CONVOLEARN: Fine-Tuning Dialogic AI Tutors

Paper Dataset

Most tutoring LLMs optimize for being “helpful”—which usually means giving answers directly. That’s at odds with effective tutoring, which draws out student thinking rather than replacing it. This project builds training data grounded in learning-sciences theory of dialogic tutoring to both evaluate and improve AI tutor behavior.

What’s in it

CONVOLEARN is a dataset of 2,134 tutor-student dialogues (~20 turns each) with dimension-level labels across six core aspects of dialogic tutoring, grounded in knowledge-building theory:

Cognitive engagement — prompting reasoning, not answers
Formative assessment — probing understanding in real time
Accountability — holding students to disciplinary norms
Cultural responsiveness — recognizing diverse ways of knowing
Metacognition — making thinking visible
Power dynamics — distributing authority

These six dimensions break down into 21 subdimensions, all situated in middle school Earth Science. Teacher turns are authored by credentialed teachers; student turns are simulated.

Approach

Dimension-labeled dialogues support classifier training, contrastive learning, and model fine-tuning.

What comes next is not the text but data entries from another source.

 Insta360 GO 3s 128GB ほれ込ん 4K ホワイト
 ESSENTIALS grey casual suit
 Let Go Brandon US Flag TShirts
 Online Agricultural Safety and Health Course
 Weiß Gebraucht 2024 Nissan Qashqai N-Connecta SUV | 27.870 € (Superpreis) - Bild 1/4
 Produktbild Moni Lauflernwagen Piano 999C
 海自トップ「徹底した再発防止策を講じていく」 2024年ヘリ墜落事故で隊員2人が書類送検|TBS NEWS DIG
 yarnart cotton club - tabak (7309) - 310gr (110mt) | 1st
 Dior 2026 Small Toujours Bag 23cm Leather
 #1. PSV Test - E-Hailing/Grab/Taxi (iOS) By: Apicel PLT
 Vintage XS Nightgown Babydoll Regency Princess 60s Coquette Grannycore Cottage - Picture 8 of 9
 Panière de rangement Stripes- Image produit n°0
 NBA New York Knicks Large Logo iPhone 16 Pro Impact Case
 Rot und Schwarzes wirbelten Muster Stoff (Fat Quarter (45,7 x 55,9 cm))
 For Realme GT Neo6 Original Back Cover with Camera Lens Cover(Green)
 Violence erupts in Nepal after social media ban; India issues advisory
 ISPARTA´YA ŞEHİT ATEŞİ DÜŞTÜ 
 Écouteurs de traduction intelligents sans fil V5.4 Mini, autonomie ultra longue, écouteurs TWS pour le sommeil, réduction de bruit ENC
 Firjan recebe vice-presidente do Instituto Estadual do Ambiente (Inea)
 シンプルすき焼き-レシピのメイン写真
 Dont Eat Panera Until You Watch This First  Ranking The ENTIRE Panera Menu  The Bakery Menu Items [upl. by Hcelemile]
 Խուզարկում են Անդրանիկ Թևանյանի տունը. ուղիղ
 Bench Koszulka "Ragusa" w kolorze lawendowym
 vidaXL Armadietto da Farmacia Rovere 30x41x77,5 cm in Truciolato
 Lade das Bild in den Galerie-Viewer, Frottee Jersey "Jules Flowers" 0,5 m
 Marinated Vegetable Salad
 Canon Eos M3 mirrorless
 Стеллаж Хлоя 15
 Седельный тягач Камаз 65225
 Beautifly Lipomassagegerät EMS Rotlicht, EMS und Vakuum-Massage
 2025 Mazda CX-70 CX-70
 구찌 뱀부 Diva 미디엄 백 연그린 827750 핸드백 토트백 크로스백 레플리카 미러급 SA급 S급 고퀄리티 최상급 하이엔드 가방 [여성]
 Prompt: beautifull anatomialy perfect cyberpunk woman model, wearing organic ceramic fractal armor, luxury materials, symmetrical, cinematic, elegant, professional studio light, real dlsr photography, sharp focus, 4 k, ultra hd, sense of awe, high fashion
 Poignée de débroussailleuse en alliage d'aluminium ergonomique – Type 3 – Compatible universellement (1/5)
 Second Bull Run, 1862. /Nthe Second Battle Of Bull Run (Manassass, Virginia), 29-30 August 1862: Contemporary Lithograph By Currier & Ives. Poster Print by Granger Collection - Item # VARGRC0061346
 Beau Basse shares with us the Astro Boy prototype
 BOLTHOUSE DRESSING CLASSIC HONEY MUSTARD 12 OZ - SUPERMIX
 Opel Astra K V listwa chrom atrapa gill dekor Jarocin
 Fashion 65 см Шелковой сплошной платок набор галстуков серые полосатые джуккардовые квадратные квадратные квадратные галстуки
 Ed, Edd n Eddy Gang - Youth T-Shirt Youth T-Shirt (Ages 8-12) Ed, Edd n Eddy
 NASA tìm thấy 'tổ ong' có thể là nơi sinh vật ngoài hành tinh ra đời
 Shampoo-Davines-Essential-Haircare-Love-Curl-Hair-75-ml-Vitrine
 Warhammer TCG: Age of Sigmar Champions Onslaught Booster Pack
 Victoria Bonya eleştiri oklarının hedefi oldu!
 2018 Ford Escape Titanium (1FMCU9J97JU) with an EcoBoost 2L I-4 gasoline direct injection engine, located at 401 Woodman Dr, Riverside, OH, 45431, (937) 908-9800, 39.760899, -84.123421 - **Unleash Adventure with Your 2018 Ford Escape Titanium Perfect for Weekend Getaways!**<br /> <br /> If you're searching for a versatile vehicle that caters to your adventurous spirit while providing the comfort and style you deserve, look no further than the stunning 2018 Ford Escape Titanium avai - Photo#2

Unlike binary “good/bad” labels, the dataset preserves quality spectra across dimensions. This supports multiple uses: training classifiers to evaluate dialogue quality, contrastive learning to surface pedagogical patterns, and direct model fine-tuning.

Results

Classifiers trained on CONVOLEARN correlate with expert-coded instructional quality in authentic classroom transcripts (r = .118–.258, all p < .05)—evidence that semi-synthetic training data captures real pedagogical signal. Fine-tuned Mistral-7B shows measurably more dialogic behavior, rated by credentialed teachers as competitive with strong proprietary baselines.

Why it matters

Most tutoring benchmarks measure correctness and fluency—not whether models actually support learning. CONVOLEARN provides open infrastructure for pedagogically aligned evaluation, with training signal to steer models away from “helpful assistant” defaults toward dialogue that builds understanding.